But her penchant for timekeeping proved useful when two employees complained about inconsistencies in time records. The management called up Osel, who was then an inventory processing clerk, and it turned out she had been keeping unofficial logs of tardy employees.
The two employees simply couldn’t contest Osel’s case, knowing persons with autism have very low propensity for lying.
Now, she’s official timekeeper and the final arbiter for tardiness complaints, and seldom do people in their office come to work late, Javier said.
“Because it’s so hard for them to find jobs, they stay at that job, grow within it and take pride in what they do,” said Dorothy Garcia of US-based Harkin International Disability Employment Summit.
Garcia, who has worked closely with PWD-inclusive businesses around the globe, said besides corporate social responsibility, companies can use hiring PWDs for “smart branding.”
“If you're just starting out, why don't you make it part of your image and brand to be known as the company that hires inclusively?” Garcia said.
ANZ, a multinational banking company, stands as proof of how companies can become models for disability inclusion. In 2015, it won the Apolinario Mabini Awards for mainstreaming PWD in corporate employment.

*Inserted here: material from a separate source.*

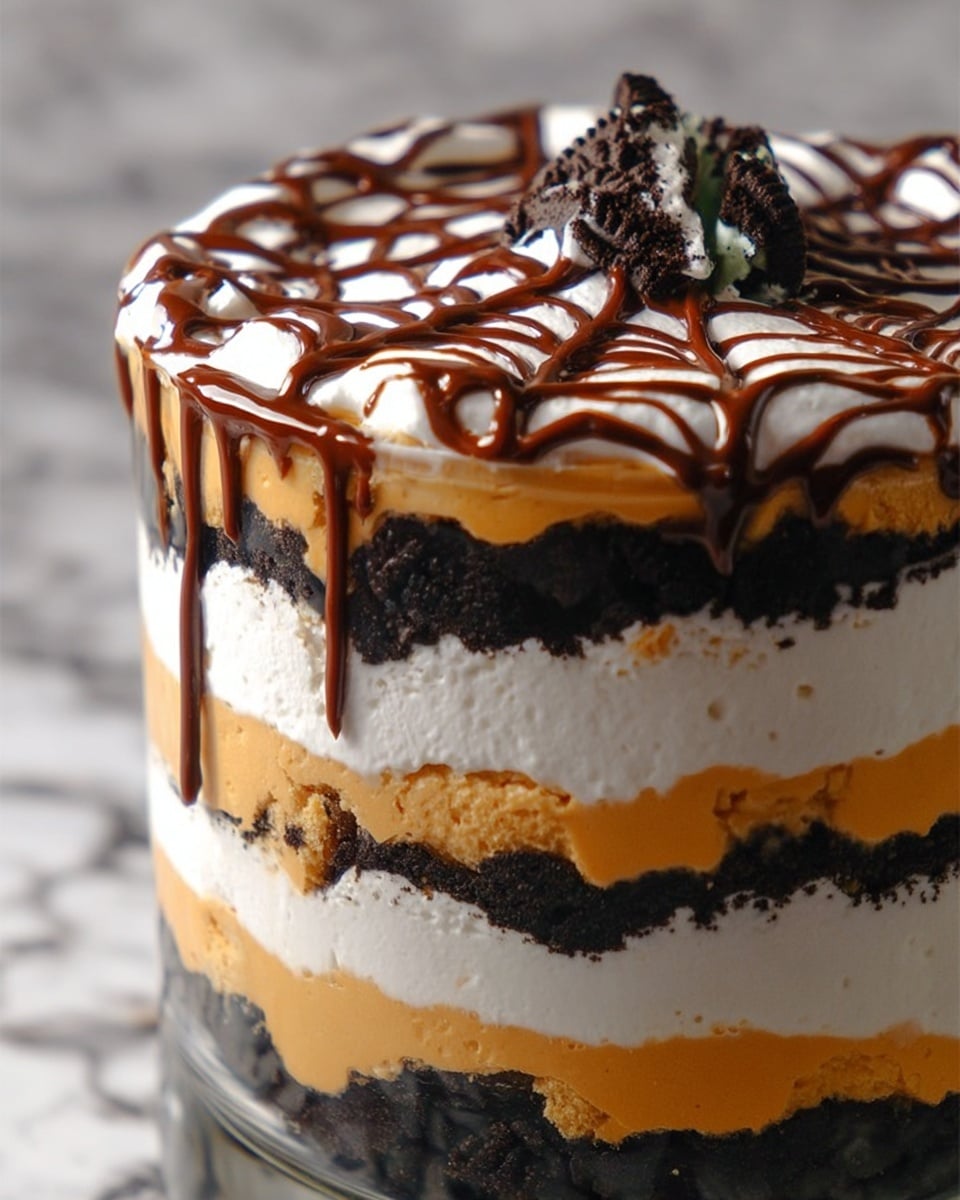 This dessert has five clear layers inside a glass container. The bottom layer is thick and creamy with a light orange color. Above it is a black layer made of crumbled cookies with some white cream mixed inside. The middle layer is thick white cream, smooth and soft. On top of that, there is another layer of orange cream, slightly thicker with some cookie pieces mixed in. The top layer is a thick white cream with a shiny chocolate sauce drizzled in lines and patterns, forming a web-like design. In the background, the surface is a white marbled texture. Photo taken with an iphone --ar 4:5 --v 7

From four PWDs in 2010, the company now has 61 working in contact centers, knowledge processing and banking operations.
Garcia added that companies in developing countries usually have reservations about hiring PWDs because of the need to “devote more resources to people that might need a little bit more training.”

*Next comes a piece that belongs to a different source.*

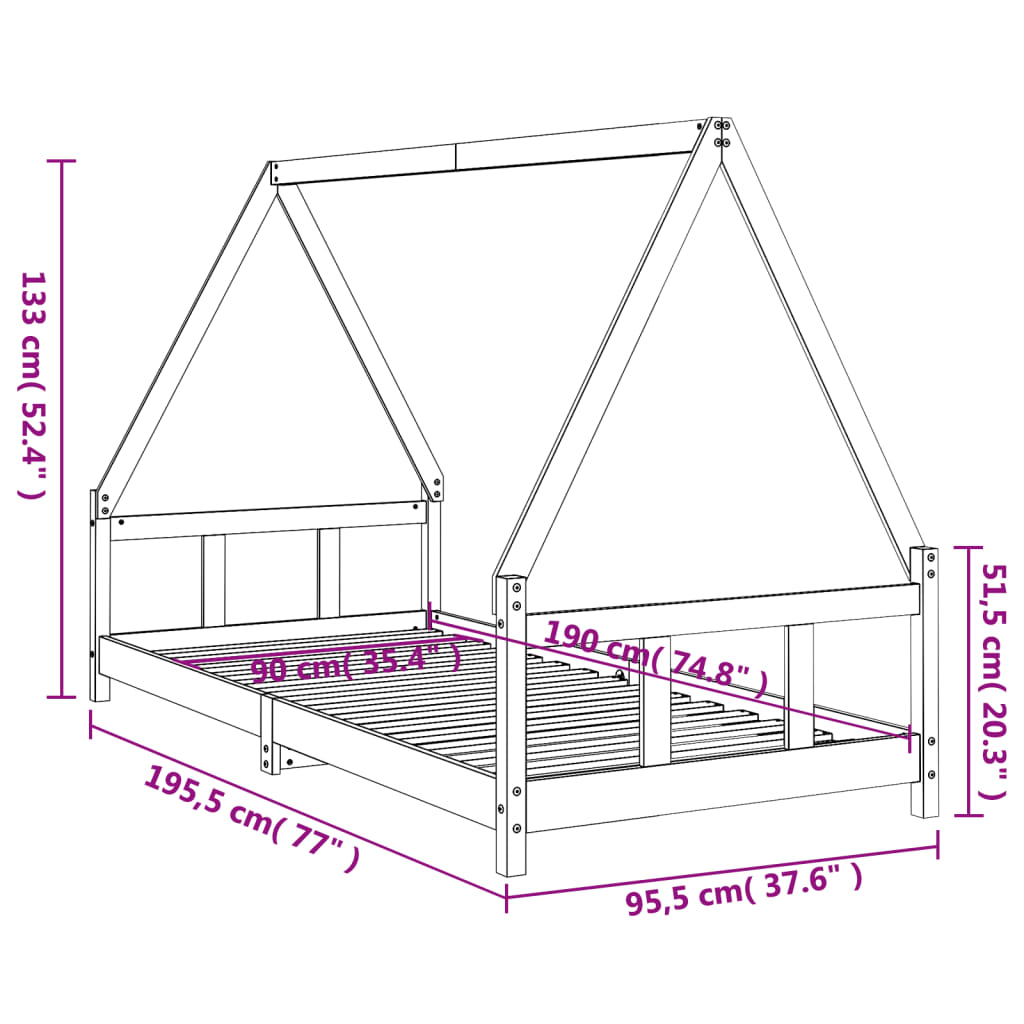 Bed frame for children, 90x190 cm, solid pine wood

Javier of Unilab Foundation agrees that training PWDs is difficult, but says the long-term rewards are worth it.
One thing he learned in working with PWD-inclusive companies is that hiring PWDs creates positive working environments.
“Teams become better human beings, because they learn to be more understanding, more embracing, more compassionate toward others.”
More, hiring PWDs can solidify bonds among employees.
“Companies spend a great deal of money trying to do team building, but the best exercise to do everyday team building? Hire a PWD. You will get everyone to work together,” Javier said.
This holds true for Torralba and his officemates in the DFA, who had pushed him to “raise his bar” and achieve a dream he didn’t realize he wanted: be a foreign service officer.
“As an employee, the difficulties of being a hard of hearing person are peppered with obstacles that no normal hearing person would ever even have to consider,” Torralba said.
Yet, amid communication barriers, Torralba is assured of support and understanding from his officemates.
“They make me feel like I’m part of the family and never make me feel alone.”
Besides, all humans are “potential diplomats,” he said. In that case, anyone can be an ambassador for PWD awareness: “It can be that one.”